Paul Bonatz gehörte in der ersten Hälfte des 20. Jahrhunderts zu den bekannten und einflussreichen Architekten in Deutschland. Sein Hauptwerk ist der Stuttgarter Hauptbahnhof (1911–1927), ein seinerzeit Aufsehen erregender Bau der frühen Architekturmoderne, der mit locker gruppierten kubischen Volumen eine Monumentalität des freien Gleichgewichts darstellte. Genau hundert Jahre nach dem vorausgegangenen Wettbewerb, den Bonatz mit einem Entwurf unter dem Motto „Umbilicus Sueviae“ (der Nabel Schwabens) gewonnen hatte, widmete ihm das Deutsche Architekturmuseum in Frankfurt 2011 eine viel beachtete Werkschau.
Fast vier Jahrzehnte lang wirkte Paul Bonatz als Architekturlehrer an der TH in Stuttgart, wo er mit gleichgesinnten Kollegen die von seinem Lehrer Theodor Fischer begründete, handwerklich orientierte „Stuttgarter Schule“ zu einer der wichtigsten Ausbildungsstätten ausbaute. Seine eigenen Bauten bewegten sich zwischen moderater Moderne, Bautradition und Klassizismus. Einen hervorragenden Ruf genossen seine in die Landschaft eingepassten technischen Bauten.

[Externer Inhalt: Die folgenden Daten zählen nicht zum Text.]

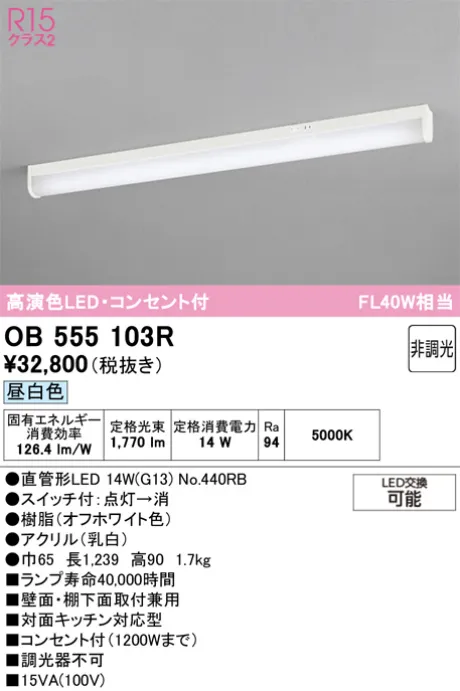 OB555103R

Paul Bonatz war ein liberaler Kosmopolit, was ihn nach 1933 jedoch nicht daran hinderte, trotz aller Zweifel am Nationalsozialismus und an der Maßlosigkeit seiner Architektur, an dessen Repräsentationsaufgaben mitzuarbeiten. Den daraus entstandenen Widersprüchen entzog er sich in der letzten Phase des „Dritten Reiches“ durch die Übersiedlung in die Türkei, wo er wiederum als Architekturlehrer beträchtlichen Einfluss ausübte.

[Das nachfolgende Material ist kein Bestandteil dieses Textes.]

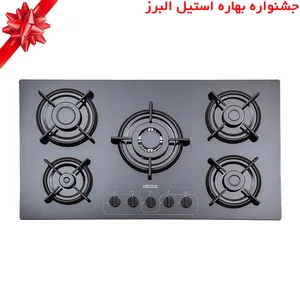 اجاق گاز صفحه‌ای پنج شعله استیل البرز مدل G5968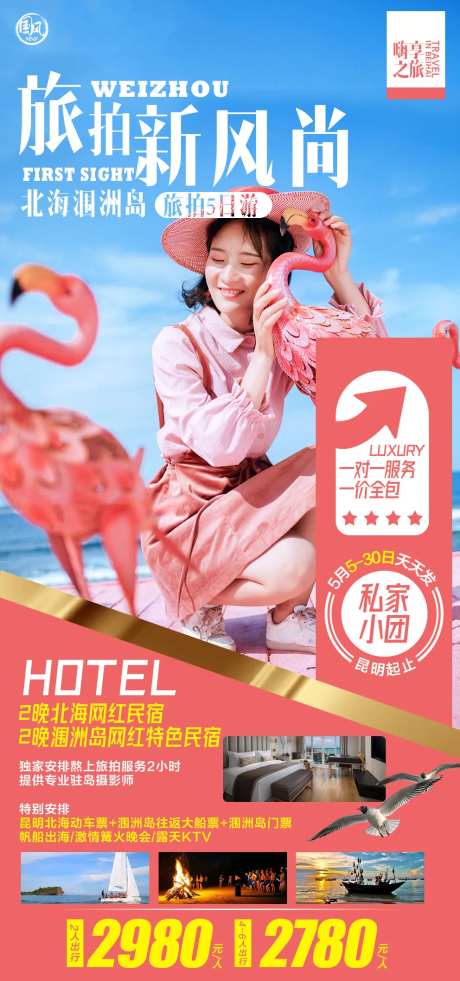北海涠洲岛旅拍-采灵感-https://www.cailinggan.com/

Obwohl Paul Bonatz auch anderswo bedeutende Bauwerke errichtete, wie die Stadthalle Hannover oder das Opernhaus in Ankara, konzentriert sich die Masse seines Werkes auf die Städte und Landschaften im Südwesten Deutschlands. Das Buch „Paul Bonatz. Bauten an Rhein und Neckar“ stellt ca. 30 Bauten vor, die aus einer weit größeren Anzahl noch bestehender Werke des Architekten in dieser Region ausgewählt wurden. In den Fotografien von Rose Hajdu, die zwischen 2009 und 2012 aufgenommen wurden, ist jeder dieser Bauten mit zahlreichen Aufnahmen dokumentiert und durch einen begleitenden Text zweier renommierter Architekturhistoriker erläutert.

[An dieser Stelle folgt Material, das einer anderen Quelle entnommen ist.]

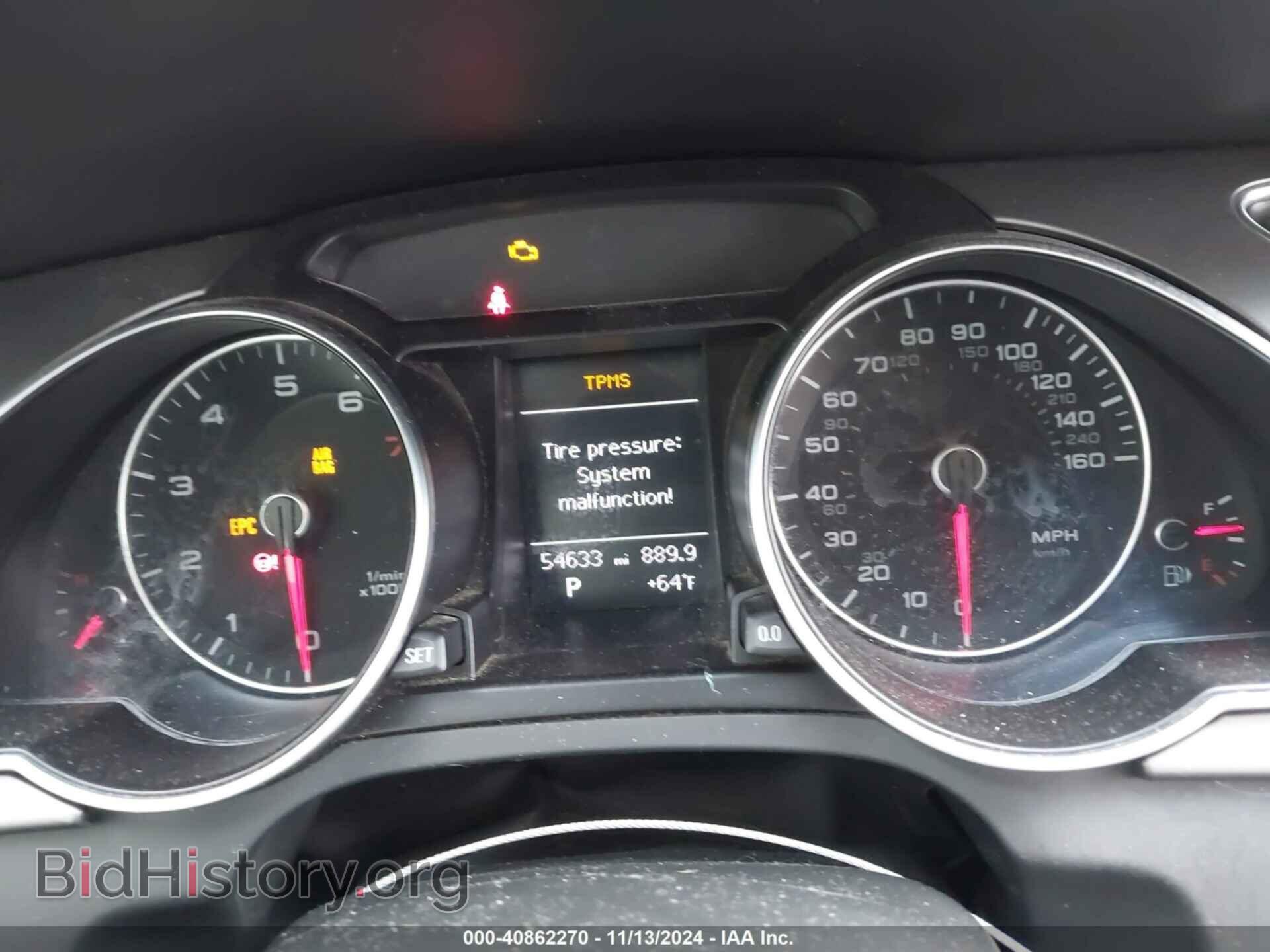 2014 AUDI A5 - VIN: WAUCFAFR5EA020010 - Фото 7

Rose Hajdus Bilder zeigen die große Bandbreite der Aufgaben, die Bonatz in Baden und Württemberg realisierte. Das Spektrum reicht von privaten Wohnhäusern über Schulen, von Bibliotheken und Rathäusern bis zu Industrieanlagen und Technikbauten, wie den Staustufen am Neckar. In einem Fall wird der in diesem Band behandelte Raum auf das andere Rheinufer ausgedehnt – mit einem Blick auf das Kunstmuseum in Basel, das zu den besten Schöpfungen des Architekten zählt.
Von den Bonatz-Bauten in der Region sind viele erstaunlich gut erhalten. Jedoch bekommen nicht alle die Pflege, die sie verdienen. So wurde durch den für Stuttgart 21 vorgenommenen Abbruch der Seitenflügel des Stuttgarter Hauptbahnhofs das sorgfältig ausgewogene Ensemble dieses Kulturdenkmals für immer zerstört. Andere Bauten sind durch Planungen gefährdet, wie die Bonatz’schen Neckarschleusen, die für die Umgestaltung des Flusses zur europäischen Wasserstraße umgebaut werden sollen.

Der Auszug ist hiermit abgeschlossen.